By BosNewsLfe News Center in Budapest with reports from Tunis and Warsaw and additional reporting by BosNewsLife’s Stefan J. Bos
TUNIS/WARSAW/BUDAPEST (BosNewsLife)– A tense calm returned to Tunis Sunday, February 20, where thousands of people demonstrated against extremism after the murder of a Polish missionary.
The missionary, identified as Catholic priest Marek Rybinski, was found with his throat cut at the Roman Catholic Selesian mission school in a suburb of Tunisia’s capital Friday, February 18, investigators said.
Tunisia’s government blamed “fascist terrorists” for killing the 34 year-old Rybinski on either Thursday or Friday morning, adding fuel to Saturday’s protest. Demonstrators chanted “I’m Muslim, I’m secular, I am Tunisian,” and “Religion is a private matter,” witnesses said.
The long-outlawed Islamist Ennahdha, or Renaissance, party also denounced the murder and urged authorities to “cast light on the real circumstances of this incident … before making accusations.”
In a separate statement, the party distanced itself from a recent anti-Semitic incident in front of Tunis’ Grand Synagogue, as well as small protests targeting bordellos and mainly Christian run stores selling alcohol.

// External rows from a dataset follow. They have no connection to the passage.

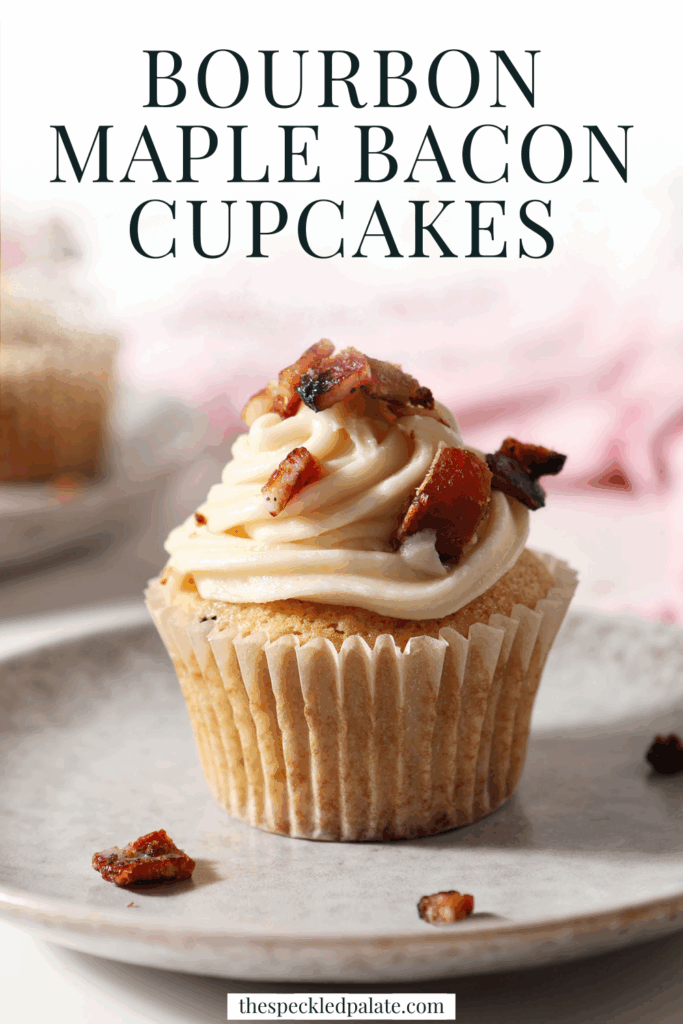 A cupcake topped with salted maple frosting and chopped maple bacon sits on a grey plate in front of a pink linen with the text bourbon maple bacon cupackes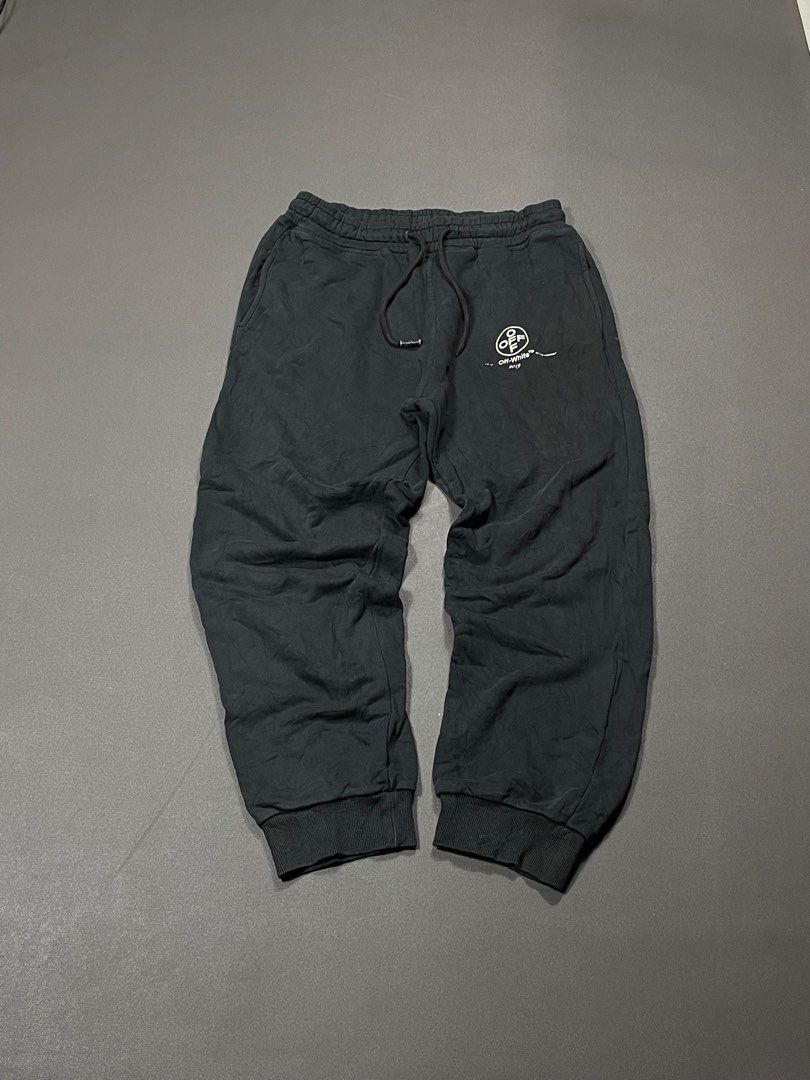 Off-White 2019 Black Sweatpants (Category: Joggers) located in Marikina City. Submitted by stolenph (Listing ID 1409957946, Image 1). Description: Black Off-White sweatpants with a drawstring waist. Features the Off-White logo and "2019" print on the front. The left leg has a pink and white diagonal stripe design with the number "66". Includes the Off-White "Main Label" tag. The sweatpants have a relaxed fit. - No Issue - XLarge - 28 to 34 Waistl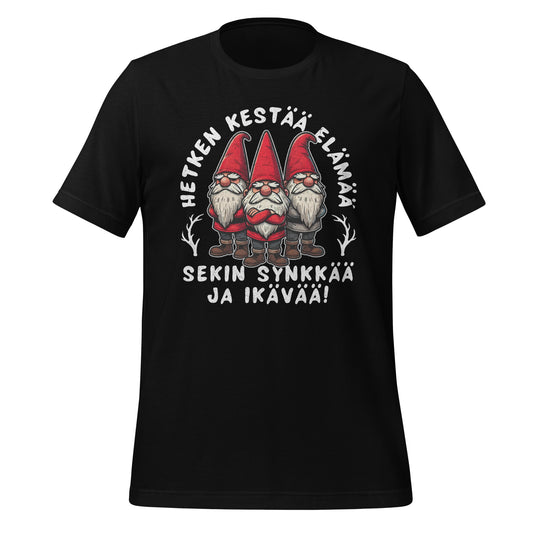 Hauska joulupaita, jossa on teksti 'Hetken kestää elämä, sekin synkkää ja ikävää' ja kolme tonttua vakavalla ilmeellä.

Priest Rybinski was killed after a letter, addressed to “Jews”, was reportedly sent to his Selesian mission in Tunis late last month demanding money and threatening violent consequences if the demands were not met.
The letter was signed with a swastika, Polish radio said.
Bishop of Tunis, Marun Lahham, told reporters that militants have “The ignorant think that all non-Muslims here are Jews”.
Lahham suggested that the murder was not the result of any heightened tension between Muslims and Christians but criminals taking advantage of a breakdown in law and order in the North African country where an uprising led to the end of President Zine El Abidine Ben Ali’s two-decade rule.
Polish radio quoted Tunisian police however as saying the priest was “the second Christian religious figure” to be killed during the social unrest surrounding last month’s ouster of the president.
Funeral arrangements were not immediately announced.
Rybinski worked in Tunisia for three years and had been a priest for five after being ordained in Lodz, central Poland, Polish radio said.
The priest reportedly also served in the Salesian missionary center in Poland’s capital Warsaw and worked for a year in the Polish Olsztyn Salesian institution, where he prepared educational and volunteer mission trips.
The Salesian Society mission, also a Catholic religious order, is believed to be the world’s third largest Christian missionary organization.
The organization was founded in the 19th century by Don Bosco, an Italian Catholic priest, educator and writer, who dedicated his life to the betterment and education of street children.
Its missionaries are especially active among impoverished people, often youngsters, who the Salesians teach various trades that they say “will help them find decent jobs and become self-sufficient, contributing members of society.”
Priest Rybinski was active at the Salesian-led mission school in the Tunis suburb of Manouba, where some 700 children received education.
Uncertainty remains about their future, amid concerns among Christian rights groups that Islamic militants will step up attacks against missionaries and other Christians as part of an effort to increase their Islamic agenda in the turbulent Arab world, where several nations now follow Tunisia, and Egypt’s, lead in anti-government protests.